Didier Decoin et la lâcheté ordinaire

Ils sont 38 à l’avoir laissée crever sans bouger le petit doigt. Avec ce fait divers, Didier Decoin nous ressort là un épisode qui fait froid dans le dos.

Décor de cinéma: nous sommes dans le Queens, quartier peu à la mode en 1964. Le froid est mordant et la nuit bien entamée lorsque Kitty Genovese, jeune femme d’origine italienne, rentre chez elle, éreintée par une longue soirée de travail au restaurant. Dans son appartement l’attend son amie, bien au chaud dans leur lit. Lorsque Kitty s’approche de son immeuble, elle perçoit une ombre qu’elle comprend immédiatement comme menaçante. Au pas de course, elle se précipite sur le poste de secours au coin de la rue. Elle l’atteint au même instant où son agresseur lui plante sa lame dans le dos.
Battu en retraite par les cris de sa victime, l’homme désormais pris dans son désir de tuer reviendra à la chasse après avoir déplacé sa voiture, trop visible. Il sait qu’elle est blessée, qu’elle a du ramper quelque part, il la retrouvera dans la cage d’escalier de son immeuble.
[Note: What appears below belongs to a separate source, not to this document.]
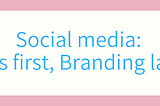 Social Media: Sales first, Branding later.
Et c’est là que commence un acharnement de violence qui aura pour témoins auditifs ou oculaires pas moins de 38 personnes dont aucune ne lèvera le petit doigt pour mettre un terme au massacre.
Dans la lignée d’un Truman Capote et de son excellent roman De sang froid qui marqua un tournant décisif dans le roman de non-fiction, Decoin réussit l’exploit de renouveler le genre en décrivant un crime qui secoua une Amérique en mal de repères moraux depuis l’assassinat de Kennedy. De son meurtrier, il fait une personnalité complexe, sorte de loup-garou qui embrassait ses enfant avant de partir en chasse, félin dépourvu de remords qui aura ce mot destructeur à propos de l’immobilisme des témoins lors de cette nuit qui mit fin à l’existence de Kitty Genovese: «Je savais que personne ne bougerait.» Et le lecteur de trembler. (sbr)

Est-ce ainsi que les femmes meurent?, Didier Decoin, éd. Le Livre de Poche, 192 p.